Олжас Сулейменов: «Всегда был и остаюсь интернационал-социалистом»

Классик советской литературы — о мостах между культурами, славе Гагарина и природном билингвизме.
Фото: ТАСС/Интерпресс/Сергей Бертов


В апреле в Москве выходит обновленная и дополненная книга «Аз и Я» Олжаса Сулейменова. Писатель Сергей Шаргунов поговорил с поэтом и литературоведом о его судьбе, творчестве и культурных реалиях России и Казахстана.


— Олжас Омарович, книга 1975 года «Аз и Я», посвященная «Слову о полку Игореве», вскоре после издания была изъята из продажи и привела к вашей опале. Насколько я знаю, вы по-прежнему верны своей концепции: памятник древнерусской литературы — это наполненная тюркизмами двуязычная поэма.

— «Слово» написано в XII веке. Кто тогда читал светскую литературу? Грамотная элита Киевской Руси (княжеские дворы, воинство, торговцы), находившаяся в многовековом культурно-хозяйственно-политическом взаимодействии со Степью. Поэтому двуязычие этой среды в XII веке было естественным.
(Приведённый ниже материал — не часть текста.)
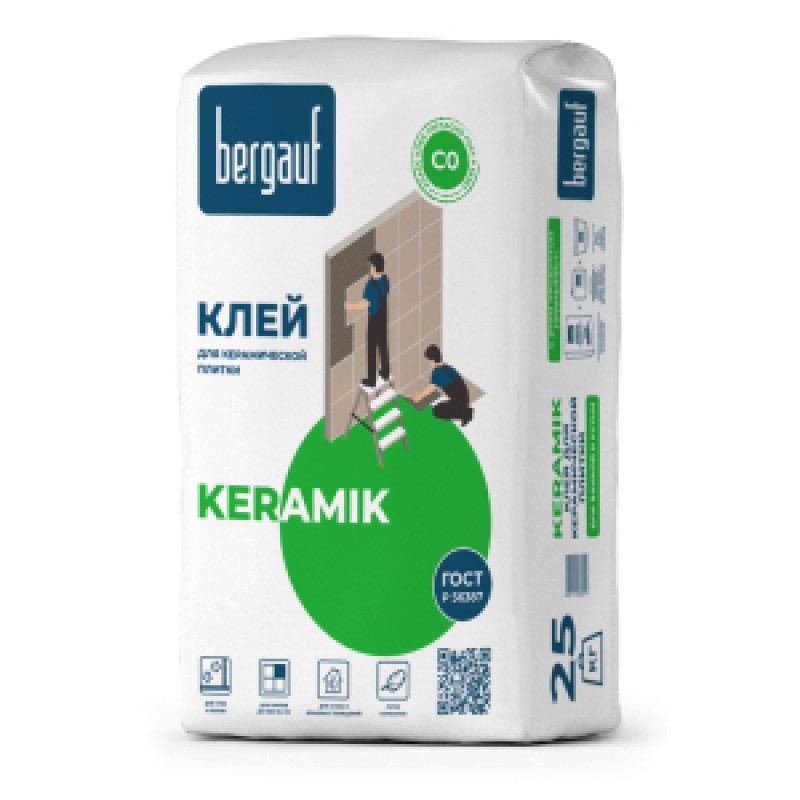 Клей для плитки BERGAUF Keramik (Керамик) 25 кг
В XVI веке (условно говоря — после ига) монахи переписывали тексты светского содержания с дорогого пергамента на бумагу. Пергамент нужен был для распространения Священного Писания. И переписчик, как мог, переводил явные тюркизмы и отдельные куски поэмы, написанные явно по-тюркски (например, сон Святослава).

Языковая ситуация в XVI веке изменилась. Но те тюркизмы, которые еще были в ходу в русской речи, он пропускал, не переводил. Они ушли из русского языка позже, в следующие столетия. Но читатели XIX века — Мусин-Пушкин и другие — приняли их за русские термины. Например, в ответ на вероломное нападение Игоря на кочевья своего свата — Кончака половцы совершают ответный набег на русские города. Читатели XIX века разбили сплошные строки текста на слова по своему усмотрению, и получилось: «Се у Рим крчат под саблями половецкия». Почему-то до Рима довела Кончака жажда мести. Так получилось при разбивке строки.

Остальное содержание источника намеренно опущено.